Я только в 28 дождалась своего единственного, которому поверила сразу и навсегда: таких чистых глаз, сквозь которые «душа видна до донышка», и такого сердца, открытого людям и всему хорошему в них, я еще не встречала. И... решено: судьбу свою я смогла вручить только ему. Но когда мы начинали свою общую жизнь, мы не знали, разумеется, чем для нас станут дети, какое счастье растить их нам предстоит испытать и как трудно будет это счастье строить.
Мое приданое
Теперь самое время подвести некоторые итоги. С чем же я пришла к порогу своей будущей семейной жизни? Как я была подготовлена ко всем своим женским жизненным ролям? В кратком виде мои представления о них сводились к следующему:
- главное — работа, остальное подчинено ей;
- отношение к любви и браку возвышенное, требовательное и наивное одновременно (Подчиняться мужу? Ни за что!);
- хозяйство — к сожалению, без него не обойдешься, а хорошо бы времени на него не тратить;
- дети? Вообще-то да. Но как бы они не помешали более важному. К счастью, есть выход — ясли, детский сад...
Если бы я оценивала свою подготовку к семейной жизни по пятибалльной системе, то лет пятнадцать назад, наверное, поставила бы себе не выше тройки, а теперь за то же самое поставлю, пожалуй, четверку с плюсом. Спрашивается: почему? Почему я со временем произвела такую существенную переоценку своего «досемейного багажа»?
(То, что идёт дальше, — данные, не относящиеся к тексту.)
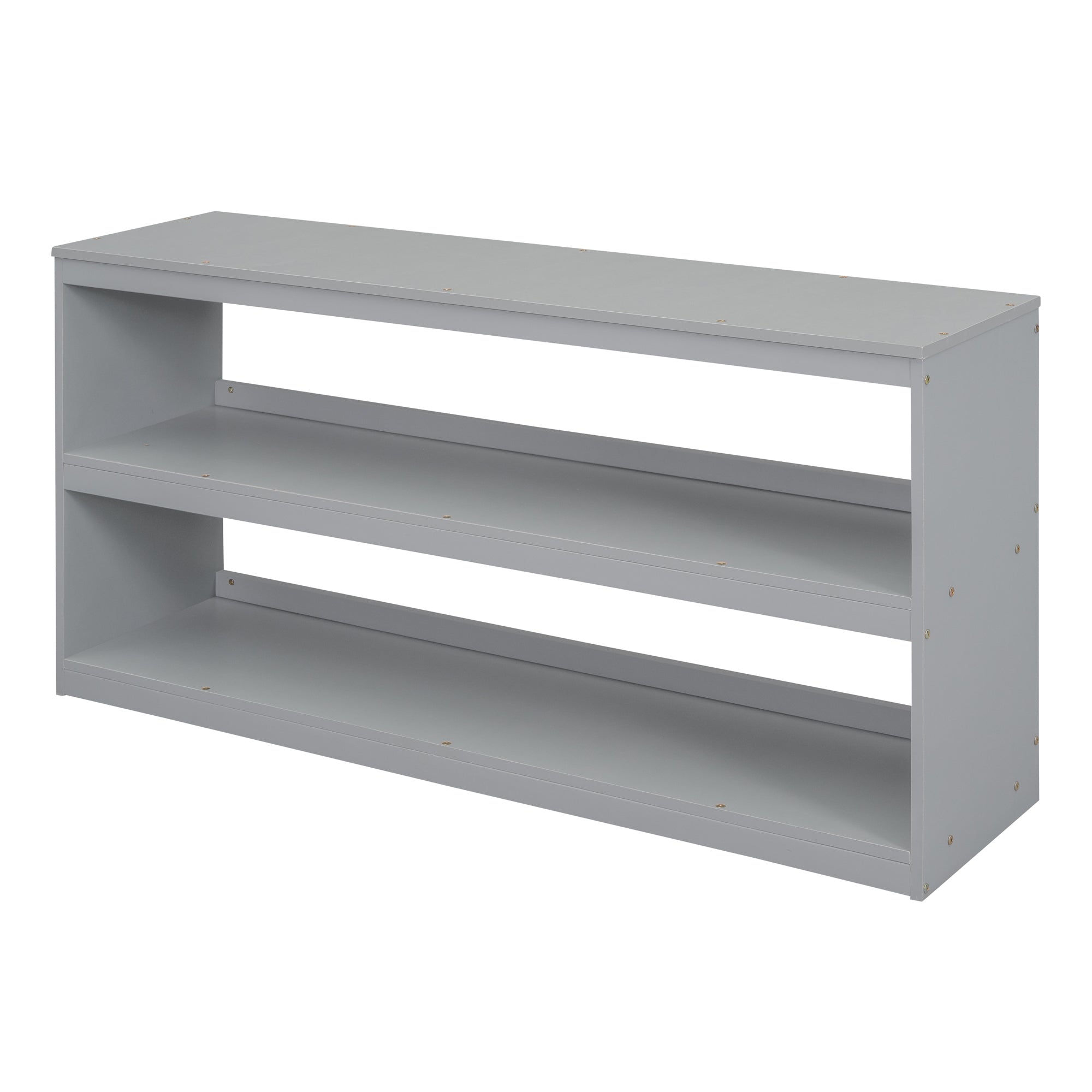 Full Size Loft Bed with Retractable Writing Desk and 3 Drawers, Wooden Loft Bed with Storage Stairs and Shelves, Gray - Atlantic Fine Furniture Melbourne FL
Мое стремление быть независимой научило меня ответственности, а без нее мать — не мать. Мое отношение к труду определило мою готовность браться за любую работу и доводить ее до конца, а без работоспособности и терпения матери обойтись никак нельзя, в том числе и в домашнем хозяйстве.
И именно мое убеждение, что семья нерасторжима, а любовь непреходяща, послужило стимулом моего великого старания находить выходы из семейных конфликтов без жалоб на разные обстоятельства и без расчета на чью бы то ни было помощь.
А дети... Что ж, я действительно не знала, что такое мой ребенок. Зато когда он родился, ничто не встало между нами — ни знания, ни предрассудки. Мы учились понимать друг друга без посредников — с этого и началась моя материнская школа.
Лишь теперь я могу оценить вполне: это было хорошее начало. И спасибо тем, кто дал мне к началу семейной жизни такое приданое. Все остальное мы наживали и преодолевали вместе всей семьей.